Préface au rapport annuel 2022-2023 Agnès Callamard, Secrétaire générale d’Amnesty International.

Les organisations de défense des droits humains dénoncent depuis plus de 10 ans une régulière détérioration du respect des droits fondamentaux et de l’état de droit dans le monde. Comment l’année 2022 s’inscrit-elle dans cette tendance générale ? Avons-nous vécu une nouvelle année catastrophique en matière de droits humains ? Les normes internationales ont-elles été plus que jamais bafouées ? Et si tel est le cas, que doit faire la communauté mondiale pour remédier à la situation ?

En février 2022, la Russie a envahi l’Ukraine dans un déferlement de violence militaire, qui s’est abattu sur une population et un pays en paix. En quelques mois, des infrastructures civiles ont été détruites, des milliers de personnes ont été tuées et bien d’autres encore ont été blessées. L’intervention de la Russie a précipité une crise énergétique à l’échelle de la planète et a contribué à l’affaiblissement des systèmes de production et de distribution des denrées alimentaires, entraînant une crise alimentaire mondiale qui continue de toucher de manière disproportionnée les pays pauvres et les personnes racisées.

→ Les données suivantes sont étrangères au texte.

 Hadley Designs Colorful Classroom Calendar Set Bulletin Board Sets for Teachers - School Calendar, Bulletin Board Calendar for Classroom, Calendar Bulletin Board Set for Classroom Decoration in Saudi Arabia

Moins d’une semaine après le début de l’invasion, le procureur de la CPI a annoncé l’ouverture d’une enquête sur les crimes de guerre commis en Ukraine. Le 2 mars, l’Assemblée générale des Nations unies a condamné, à l’écrasante majorité de ses membres, l’invasion menée par la Russie, considérée comme un acte d’agression. Parallèlement, les pays européens, qui rejetaient depuis longtemps les réfugié·e·s, ont ouvert leurs frontières aux Ukrainiennes et aux Ukrainiens en quête de sécurité.

Les appels en faveur de la justice et d’enquêtes concernant les crimes de guerre se sont fait entendre avec force tout au long de l’année 2022. Peut-être portés par cette vague, les États membres de l’ONU ont adopté lors de leur Assemblée générale une résolution destinée à contrer le droit de veto détenu par les membres du Conseil de sécurité, qui était une cause majeure de la faiblesse de l’institution.

L’agression lancée par la Russie contre l’Ukraine pourrait-elle susciter un réveil plus large ? Pourrait-elle finalement permettre au monde de s’unir autour des droits fondamentaux et des valeurs universelles ?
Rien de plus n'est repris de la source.